Editor's Note: IBM Watson Analytics is no longer available for purchase, as of July 31, 2018.

IBM Watson Analytics (which begins at $30 per user per year for the Plus edition) has gained wide recognition in the self-service business intelligence (BI) space thanks in part to an ever-present marketing campaign.

All of the buzz is deserved because this application is a winner with its technical capabilities.

Its highly advanced analytics engine works with a stellar natural language querying platform to make BI as easy to learn as it is powerful.

When you start using IBM Watson Analytics, it's clear that the machine learning (ML) and artificial intelligence (AI) behind it is an impressive accomplishment.

The assistant serves the roles of both servant and guide for users with varying levels of data science and data visualization expertise.
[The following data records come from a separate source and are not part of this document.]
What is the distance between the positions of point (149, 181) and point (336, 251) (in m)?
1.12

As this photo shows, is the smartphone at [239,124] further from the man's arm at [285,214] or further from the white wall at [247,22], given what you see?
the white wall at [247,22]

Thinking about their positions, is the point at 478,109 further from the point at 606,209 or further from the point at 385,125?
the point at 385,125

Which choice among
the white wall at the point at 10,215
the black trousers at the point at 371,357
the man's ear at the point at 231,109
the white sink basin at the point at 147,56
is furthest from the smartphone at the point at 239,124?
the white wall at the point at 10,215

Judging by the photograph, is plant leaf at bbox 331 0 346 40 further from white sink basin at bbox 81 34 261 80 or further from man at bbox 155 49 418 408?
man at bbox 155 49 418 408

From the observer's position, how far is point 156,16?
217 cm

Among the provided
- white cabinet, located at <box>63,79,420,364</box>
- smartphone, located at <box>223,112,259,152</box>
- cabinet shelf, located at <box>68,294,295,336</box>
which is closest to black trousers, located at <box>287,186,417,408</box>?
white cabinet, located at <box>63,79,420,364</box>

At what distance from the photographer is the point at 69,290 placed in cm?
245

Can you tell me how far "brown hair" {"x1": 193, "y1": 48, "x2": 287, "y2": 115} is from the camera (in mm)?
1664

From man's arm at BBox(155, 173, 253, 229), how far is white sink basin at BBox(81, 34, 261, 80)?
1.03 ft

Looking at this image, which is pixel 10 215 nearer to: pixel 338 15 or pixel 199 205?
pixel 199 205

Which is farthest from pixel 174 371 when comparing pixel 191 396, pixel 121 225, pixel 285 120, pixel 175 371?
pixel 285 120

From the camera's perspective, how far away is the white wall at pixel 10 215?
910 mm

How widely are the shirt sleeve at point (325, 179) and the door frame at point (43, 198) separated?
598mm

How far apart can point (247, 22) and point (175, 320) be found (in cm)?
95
IBM Watson Analytics gets our Editors' Choice designation along with Microsoft Power BI and Tableau Desktop.

The guidance prompts in IBM Watson Analytics are very helpful for users who are new to analytics and to seasoned business analysts who would rather focus on getting rapid feeds of insights rather than on how the data is cooked.
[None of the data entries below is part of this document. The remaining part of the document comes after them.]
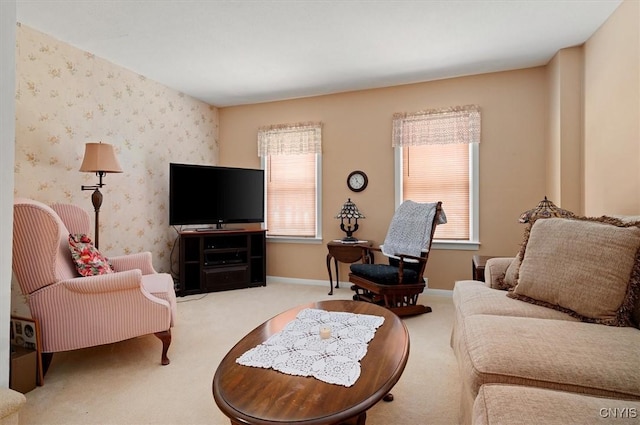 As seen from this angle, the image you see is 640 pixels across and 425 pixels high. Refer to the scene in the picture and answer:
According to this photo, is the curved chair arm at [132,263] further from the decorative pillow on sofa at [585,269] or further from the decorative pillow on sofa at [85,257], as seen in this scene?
the decorative pillow on sofa at [585,269]

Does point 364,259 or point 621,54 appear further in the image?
point 364,259

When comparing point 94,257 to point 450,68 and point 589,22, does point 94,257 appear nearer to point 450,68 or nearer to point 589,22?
point 450,68

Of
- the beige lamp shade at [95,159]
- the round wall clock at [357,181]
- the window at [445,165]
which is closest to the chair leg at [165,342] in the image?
the beige lamp shade at [95,159]

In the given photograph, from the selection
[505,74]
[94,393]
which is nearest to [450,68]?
[505,74]

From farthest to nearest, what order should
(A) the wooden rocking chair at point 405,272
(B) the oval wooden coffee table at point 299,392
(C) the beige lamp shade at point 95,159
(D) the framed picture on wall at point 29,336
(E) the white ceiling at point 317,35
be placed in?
(A) the wooden rocking chair at point 405,272
(C) the beige lamp shade at point 95,159
(E) the white ceiling at point 317,35
(D) the framed picture on wall at point 29,336
(B) the oval wooden coffee table at point 299,392

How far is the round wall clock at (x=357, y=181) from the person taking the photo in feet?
13.7

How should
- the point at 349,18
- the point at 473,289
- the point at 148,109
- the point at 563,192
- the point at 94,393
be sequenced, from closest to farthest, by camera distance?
1. the point at 94,393
2. the point at 473,289
3. the point at 349,18
4. the point at 563,192
5. the point at 148,109

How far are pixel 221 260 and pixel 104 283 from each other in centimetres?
216

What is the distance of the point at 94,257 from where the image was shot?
7.96 feet

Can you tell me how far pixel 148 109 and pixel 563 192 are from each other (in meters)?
4.31

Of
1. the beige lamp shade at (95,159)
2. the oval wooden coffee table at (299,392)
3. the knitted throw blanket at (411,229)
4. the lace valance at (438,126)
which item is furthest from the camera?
the lace valance at (438,126)

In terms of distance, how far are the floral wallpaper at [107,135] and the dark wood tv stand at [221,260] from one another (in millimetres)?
319

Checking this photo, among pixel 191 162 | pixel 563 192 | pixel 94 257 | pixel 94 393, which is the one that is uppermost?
pixel 191 162

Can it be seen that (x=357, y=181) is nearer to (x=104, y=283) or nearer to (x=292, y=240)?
(x=292, y=240)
Yet the tool enables those with deep data science skills to skip past the prompts and move directly to deep dives and decision trees.
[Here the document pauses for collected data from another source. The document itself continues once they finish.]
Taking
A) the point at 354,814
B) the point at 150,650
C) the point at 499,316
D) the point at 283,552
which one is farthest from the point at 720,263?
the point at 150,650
It's a fine line to serve users on the entire spectrum of skills well, but IBM Watson Analytics pulls it off better than expected.

There are 32 connectors to ease use of data from those sources.

A sample listing of business connectors includes spreadsheets (CSV, XLS, TXT), Eventbrite, Hubspot, OneDrive, Paypal, SugarCRM, SurveyMonkey, and Twitter.

It's interesting that IBM Watson Analytics lists a Twitter connector for use, but users must access IBM Watson Social Media for the rest of the social tools.

This is where I found numerous connections to all social media (including Facebook, of course) as well as to blogs, comments, forums, and videos throughout the social media realm.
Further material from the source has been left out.